In the 20 years since the Million Man March these trends have continued. The expansion of the prison system accelerated throughout the presidencies of William Clinton and George W. Bush to the point where the U.S. today has the highest incarceration rate in the world, even with a slight decline in the last couple of years. The number of workers behind bars grew 500 percent between 1980 and 2010. The incarceration rate for Caucasian men in their 20s tripled. The effect on African-Americans was even higher.

Another hallmark of the Clinton presidency was the 1996 repeal of Aid to Families with Dependent Children — the first time an entire category of working people, single mothers and their children, were removed from protections under the Social Security Act.

During his 2008 presidential campaign Barack Obama said that while he worried at the time that ending AFDC would have disastrous results, he had become “absolutely convinced” that Clinton’s “welfare reform” had to remain “a centerpiece of any social policy.”

But far from having productive jobs at good wages, by 2005 only half of those pushed off AFDC were employed at all, forced into low-paying, nonunion jobs. The 50 percent of former AFDC recipients who were Black and unemployed had fallen more than 30 percent further below the official government poverty line than they were in 1999. And this was before the deep 2008 recession that sent unemployment skyrocketing.

Bourgeois politicians from Clinton to Obama, offered sanctimonious lectures to workers who are Black on how to be better parents, while pushing all social responsibility onto the individual family. They obfuscate the fact that capitalist property relations are the root of so much individual and “family” misery today.

Rally marked by rise in resistance

The Justice or Else rally was marked by the recent rise in resistance to these conditions. The explosion of Black Lives Matter struggles centered on the brutal treatment meted out by the cops has had an impact. The rulers have been forced to take steps to rein in their police. Killer cops have been hit by firings, indictment and jail.
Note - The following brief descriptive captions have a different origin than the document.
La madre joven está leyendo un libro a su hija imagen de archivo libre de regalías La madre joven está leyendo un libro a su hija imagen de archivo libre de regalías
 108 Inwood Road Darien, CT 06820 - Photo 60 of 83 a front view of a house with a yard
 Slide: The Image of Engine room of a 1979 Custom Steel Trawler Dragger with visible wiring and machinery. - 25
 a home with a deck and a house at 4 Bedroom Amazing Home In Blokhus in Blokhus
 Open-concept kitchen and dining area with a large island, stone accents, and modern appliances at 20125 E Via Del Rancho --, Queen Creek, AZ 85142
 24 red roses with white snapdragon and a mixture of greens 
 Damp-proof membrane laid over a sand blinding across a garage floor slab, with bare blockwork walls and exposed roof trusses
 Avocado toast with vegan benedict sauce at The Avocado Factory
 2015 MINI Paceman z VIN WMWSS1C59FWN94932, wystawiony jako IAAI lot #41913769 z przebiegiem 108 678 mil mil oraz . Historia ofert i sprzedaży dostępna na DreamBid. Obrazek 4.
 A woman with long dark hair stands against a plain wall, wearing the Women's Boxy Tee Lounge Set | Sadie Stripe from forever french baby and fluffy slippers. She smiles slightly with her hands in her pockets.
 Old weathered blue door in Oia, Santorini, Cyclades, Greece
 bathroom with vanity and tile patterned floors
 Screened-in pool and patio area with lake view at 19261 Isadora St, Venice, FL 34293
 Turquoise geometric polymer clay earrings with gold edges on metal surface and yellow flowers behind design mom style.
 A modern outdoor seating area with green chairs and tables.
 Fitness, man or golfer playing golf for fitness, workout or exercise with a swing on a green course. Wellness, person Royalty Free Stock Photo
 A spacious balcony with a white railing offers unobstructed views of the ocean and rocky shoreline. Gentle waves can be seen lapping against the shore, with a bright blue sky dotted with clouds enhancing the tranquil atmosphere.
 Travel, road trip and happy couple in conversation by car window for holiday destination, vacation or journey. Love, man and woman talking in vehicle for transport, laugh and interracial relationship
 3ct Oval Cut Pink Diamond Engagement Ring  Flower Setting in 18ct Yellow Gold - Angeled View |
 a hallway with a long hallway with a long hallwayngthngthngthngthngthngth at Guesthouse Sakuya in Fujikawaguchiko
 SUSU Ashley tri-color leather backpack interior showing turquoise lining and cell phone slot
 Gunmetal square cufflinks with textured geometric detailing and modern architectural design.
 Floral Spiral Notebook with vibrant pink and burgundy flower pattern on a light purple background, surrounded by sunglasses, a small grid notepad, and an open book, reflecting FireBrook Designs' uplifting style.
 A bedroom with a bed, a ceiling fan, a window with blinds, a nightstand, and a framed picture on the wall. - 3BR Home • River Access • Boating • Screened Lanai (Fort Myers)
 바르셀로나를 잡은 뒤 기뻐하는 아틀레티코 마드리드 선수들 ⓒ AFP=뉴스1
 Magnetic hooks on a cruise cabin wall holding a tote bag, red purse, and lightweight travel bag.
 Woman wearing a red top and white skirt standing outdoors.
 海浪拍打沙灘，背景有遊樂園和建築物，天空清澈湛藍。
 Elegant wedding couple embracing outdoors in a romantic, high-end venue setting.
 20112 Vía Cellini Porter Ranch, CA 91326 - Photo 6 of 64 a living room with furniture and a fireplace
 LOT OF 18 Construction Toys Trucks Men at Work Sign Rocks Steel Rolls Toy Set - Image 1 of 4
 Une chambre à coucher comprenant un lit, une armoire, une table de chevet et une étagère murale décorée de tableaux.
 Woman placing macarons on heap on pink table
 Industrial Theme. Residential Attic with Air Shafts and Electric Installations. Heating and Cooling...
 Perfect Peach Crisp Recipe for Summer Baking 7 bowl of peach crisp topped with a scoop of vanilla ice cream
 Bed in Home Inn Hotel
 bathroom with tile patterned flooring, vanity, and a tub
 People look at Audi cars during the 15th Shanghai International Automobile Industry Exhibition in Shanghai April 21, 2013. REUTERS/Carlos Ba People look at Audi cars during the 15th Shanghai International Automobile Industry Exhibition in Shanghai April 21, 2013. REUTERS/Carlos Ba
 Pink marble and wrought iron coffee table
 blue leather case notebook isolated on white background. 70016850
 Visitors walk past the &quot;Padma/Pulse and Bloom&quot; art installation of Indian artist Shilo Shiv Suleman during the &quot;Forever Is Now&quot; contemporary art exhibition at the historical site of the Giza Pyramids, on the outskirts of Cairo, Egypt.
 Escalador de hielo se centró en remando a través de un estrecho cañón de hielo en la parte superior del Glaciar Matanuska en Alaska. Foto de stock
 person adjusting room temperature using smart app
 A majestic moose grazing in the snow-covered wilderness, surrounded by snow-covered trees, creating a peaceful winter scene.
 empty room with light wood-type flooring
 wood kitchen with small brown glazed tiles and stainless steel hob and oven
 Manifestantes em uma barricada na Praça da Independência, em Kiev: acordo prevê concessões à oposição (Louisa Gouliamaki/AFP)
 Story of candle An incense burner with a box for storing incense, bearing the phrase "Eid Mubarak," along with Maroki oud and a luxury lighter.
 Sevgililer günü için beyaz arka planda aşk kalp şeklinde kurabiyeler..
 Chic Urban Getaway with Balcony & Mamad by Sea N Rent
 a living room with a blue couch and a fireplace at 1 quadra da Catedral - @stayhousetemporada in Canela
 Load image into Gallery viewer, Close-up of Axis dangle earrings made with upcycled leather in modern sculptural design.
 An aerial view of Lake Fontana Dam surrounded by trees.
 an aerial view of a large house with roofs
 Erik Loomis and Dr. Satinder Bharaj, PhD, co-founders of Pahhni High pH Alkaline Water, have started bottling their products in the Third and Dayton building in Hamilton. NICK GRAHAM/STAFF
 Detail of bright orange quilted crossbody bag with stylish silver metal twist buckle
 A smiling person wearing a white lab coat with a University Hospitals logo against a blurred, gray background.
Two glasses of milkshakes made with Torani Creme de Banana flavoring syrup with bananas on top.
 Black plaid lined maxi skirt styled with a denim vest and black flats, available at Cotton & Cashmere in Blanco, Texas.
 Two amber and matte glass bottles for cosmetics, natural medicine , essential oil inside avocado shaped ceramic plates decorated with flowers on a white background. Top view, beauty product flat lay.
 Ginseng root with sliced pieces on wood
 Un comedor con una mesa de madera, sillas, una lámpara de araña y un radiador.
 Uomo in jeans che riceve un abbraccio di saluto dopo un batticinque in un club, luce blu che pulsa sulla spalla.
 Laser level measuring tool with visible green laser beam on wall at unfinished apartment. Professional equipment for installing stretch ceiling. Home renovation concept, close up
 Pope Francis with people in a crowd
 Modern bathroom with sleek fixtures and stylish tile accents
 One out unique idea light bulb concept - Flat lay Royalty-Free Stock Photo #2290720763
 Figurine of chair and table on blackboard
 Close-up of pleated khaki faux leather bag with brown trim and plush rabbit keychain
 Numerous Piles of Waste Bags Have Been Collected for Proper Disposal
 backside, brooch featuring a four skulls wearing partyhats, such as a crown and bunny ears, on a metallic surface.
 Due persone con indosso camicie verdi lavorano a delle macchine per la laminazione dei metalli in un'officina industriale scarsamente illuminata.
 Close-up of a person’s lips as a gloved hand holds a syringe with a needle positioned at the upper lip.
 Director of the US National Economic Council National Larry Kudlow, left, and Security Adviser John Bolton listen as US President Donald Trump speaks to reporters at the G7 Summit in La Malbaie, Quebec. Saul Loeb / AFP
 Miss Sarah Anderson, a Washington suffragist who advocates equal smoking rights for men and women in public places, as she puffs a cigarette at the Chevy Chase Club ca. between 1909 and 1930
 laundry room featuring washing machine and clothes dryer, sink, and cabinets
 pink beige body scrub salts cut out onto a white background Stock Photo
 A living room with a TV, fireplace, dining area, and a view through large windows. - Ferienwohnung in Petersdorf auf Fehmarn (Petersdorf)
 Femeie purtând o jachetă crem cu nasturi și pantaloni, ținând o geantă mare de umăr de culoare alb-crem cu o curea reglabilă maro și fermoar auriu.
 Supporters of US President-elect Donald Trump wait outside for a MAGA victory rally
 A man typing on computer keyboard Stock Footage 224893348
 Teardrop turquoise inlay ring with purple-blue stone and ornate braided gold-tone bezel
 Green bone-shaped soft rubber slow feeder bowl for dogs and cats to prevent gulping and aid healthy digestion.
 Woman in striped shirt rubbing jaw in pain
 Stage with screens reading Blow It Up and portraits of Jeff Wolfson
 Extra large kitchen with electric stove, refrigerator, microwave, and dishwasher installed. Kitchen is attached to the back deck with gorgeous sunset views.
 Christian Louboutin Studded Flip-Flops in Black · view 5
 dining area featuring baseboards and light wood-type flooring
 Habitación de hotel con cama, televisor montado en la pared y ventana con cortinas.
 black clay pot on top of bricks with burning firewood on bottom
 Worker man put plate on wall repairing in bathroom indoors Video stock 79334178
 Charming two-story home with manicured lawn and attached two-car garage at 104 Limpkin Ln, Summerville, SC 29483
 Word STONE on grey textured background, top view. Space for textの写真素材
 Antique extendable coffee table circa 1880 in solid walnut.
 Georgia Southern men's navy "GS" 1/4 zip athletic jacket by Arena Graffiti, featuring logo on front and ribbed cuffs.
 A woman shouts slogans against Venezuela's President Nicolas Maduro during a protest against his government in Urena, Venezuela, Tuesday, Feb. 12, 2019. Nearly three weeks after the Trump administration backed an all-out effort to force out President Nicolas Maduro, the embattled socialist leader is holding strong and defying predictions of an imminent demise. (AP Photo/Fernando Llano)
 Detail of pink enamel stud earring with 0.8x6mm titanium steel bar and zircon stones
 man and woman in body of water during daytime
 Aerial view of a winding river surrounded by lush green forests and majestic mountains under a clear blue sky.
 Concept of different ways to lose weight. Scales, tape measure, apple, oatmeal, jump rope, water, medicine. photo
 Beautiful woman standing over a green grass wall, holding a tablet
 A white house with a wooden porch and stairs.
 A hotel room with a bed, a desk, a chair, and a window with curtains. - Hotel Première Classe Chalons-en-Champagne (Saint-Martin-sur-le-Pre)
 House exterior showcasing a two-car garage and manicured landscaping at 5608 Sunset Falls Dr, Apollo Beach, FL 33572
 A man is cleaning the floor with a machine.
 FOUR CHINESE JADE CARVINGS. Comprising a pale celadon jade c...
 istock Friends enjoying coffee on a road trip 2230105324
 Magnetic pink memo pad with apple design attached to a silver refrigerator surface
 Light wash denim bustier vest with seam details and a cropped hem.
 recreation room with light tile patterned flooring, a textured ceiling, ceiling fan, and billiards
It was these struggles, alongside the continued changes in attitudes won by the massive battles for Black rights in the 1950s and ’60s, that led to the victory this summer when the Confederate battle flag in South Carolina was brought down.

In California and elsewhere, tens of thousands of workers behind bars have organized hunger strikes and other protests against solitary confinement and other abusive conditions, forging unity in action among inmates who are Black, Latino and Caucasian, and asserting their humanity.

These struggles have also increased pressure on the government to change some of the most egregious policies on incarceration and the prisons. On Oct. 6, for example, it was reported that the Justice Department plans to release 6,000 people imprisoned on nonviolent drug charges, the largest one-time release of federal prisoners to date. Prominent figures in both the Republican and Democratic parties have called for reducing mandatory minimum sentences and other steps to reduce the number of Blacks and others in prison.

The fights against police brutality, mass incarceration and prison conditions have intertwined with struggles to raise the minimum wage and for unionization.

Shawnette Richardson, a McDonald’s worker active in the Fight for $15 in Brooklyn, and her 18-year-old son joined a group of fast-food workers and others involved in Black Lives Matter protests to travel to Washington. She told the New York Daily News that beyond the fight to raise wages, “my children, all children, deserve to be respected and safe. And I deserve not to fret every time my son steps out of the house.” These fights are “one and the same,” she said.

The organizers of the rally, starting with Nation of Islam leader Farrakhan, presented no road forward — just various pro-capitalist “self-help” proposals that the Nation has promoted from the beginning.

But many who came felt the sense of pride and confidence that comes from struggle and were strengthened by coming together with others like them.